TRPA1 inhibition ameliorates pressure overload-induced cardiac hypertrophy and fibrosis in mice

Zhen Wang; Yao Xu; Menglong Wang; Jing Ye; Jianfang Liu; Huimin Jiang; Di Ye; Jun Wan

doi:10.1016/j.ebiom.2018.08.022

TRPA1 inhibition ameliorates pressure overload-induced cardiac hypertrophy and fibrosis in mice

EBioMedicine. 2018 Oct:36:54-62. doi: 10.1016/j.ebiom.2018.08.022. Epub 2018 Oct 5.

Authors

Zhen Wang¹, Yao Xu¹, Menglong Wang¹, Jing Ye¹, Jianfang Liu¹, Huimin Jiang¹, Di Ye¹, Jun Wan²

Affiliations

¹ Department of Cardiology, Renmin Hospital of Wuhan University, Wuhan 430060, China; Cardiovascular Research Institute, Wuhan University, Wuhan 430060, China; Hubei Key Laboratory of Cardiology, Wuhan 430060, China.
² Department of Cardiology, Renmin Hospital of Wuhan University, Wuhan 430060, China; Cardiovascular Research Institute, Wuhan University, Wuhan 430060, China; Hubei Key Laboratory of Cardiology, Wuhan 430060, China. Electronic address: wanjun1963@126.com.

Abstract

Background: Recent evidence has indicated that the transient receptor potential ankyrin 1 (TRPA1) is expressed in the cardiovascular system and implicated in the development and progression of several cardiovascular diseases. However, the effects of TRPA1 on cardiac hypertrophy development remain unclear. The aim of this study was to determine the role of TRPA1 in cardiac hypertrophy and fibrosis development.

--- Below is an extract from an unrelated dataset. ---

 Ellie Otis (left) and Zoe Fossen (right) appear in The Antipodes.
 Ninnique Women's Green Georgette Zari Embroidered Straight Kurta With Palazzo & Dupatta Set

Methods: C57BL/6J mice were subjected to transverse aortic constriction (TAC) and were orally treated with the TRPA1 selective inhibitors HC-030031 (HC) and TCS-5861528 (TCS). Morphological assessments, echocardiographic parameters, histological analyses and flow cytometry were used to evaluate cardiac hypertrophy and fibrosis.

Results: Human and mouse hypertrophic hearts presented with noticeably increased TRPA1 protein levels. Inhibition of TRPA1 by HC and TCS attenuated cardiac hypertrophy and preserved cardiac function after chronic pressure overload, as evidenced by increased heart weight/body weight ratio, cardiomyocyte cross-sectional area and mRNA expression of hypertrophic markers, including ANP, BNP and β-MHC. Dramatic interstitial fibrosis was observed in the mice subjected to TAC surgery, and this was markedly attenuated in the HC and TCS treated mice. Mechanistically, the results revealed that TRPA1 inhibition ameliorated pressure overload-induced cardiac hypertrophy by negatively regulating Ca²⁺/calmodulin-dependent protein kinase II (CaMKII) and calcineurin signaling pathways. We also demonstrated that blocking TRPA1 decreased the proportion of M2 macrophages and reduced profibrotic cytokine levels, thereby improving cardiac fibrosis.

Conclusions: TRPA1 inhibition protected against cardiac hypertrophy and suppressed cardiac dysfunction via Ca²⁺-dependent signal pathways and inhibition of the M2 macrophages transition. These results suggest that TRPA1 may represent a potential therapeutic drug target for cardiac hypertrophy and fibrosis.

Keywords: CaMKII; Calcineurin; Fibrosis; Hypertrophy; Macrophages; TRPA1.